BEGIN Dataset extract

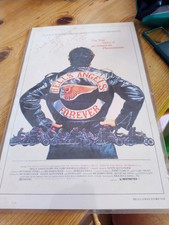 VINTAGE POSTER FOR FILM HELLS ANGELS FOREVER SIGNED SANDY ALEXANDER PRODUCER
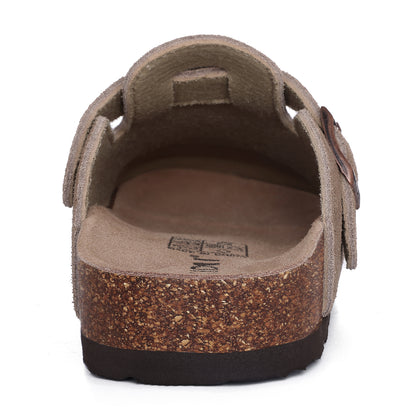 KIDMI Genuine Suede Clogs for Women Men Cork Footbed Sandals Leather Mules Potato Shoes with Arch Support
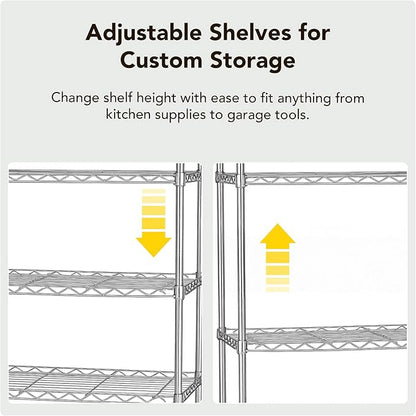 Displays By Jack 4 Tier Wire Shelving Unit Storage Rack, Metal Heavy Duty - Image 5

END Dataset extract

◆ Directions: With pictures excluded, restate word for word the lines from the one that contains "KIDMI Genuine Suede" through the end of the material, inclusive, and nothing more.

◆ Exercise answer:
 KIDMI Genuine Suede Clogs for Women Men Cork Footbed Sandals Leather Mules Potato Shoes with Arch Support
 Displays By Jack 4 Tier Wire Shelving Unit Storage Rack, Metal Heavy Duty - Image 5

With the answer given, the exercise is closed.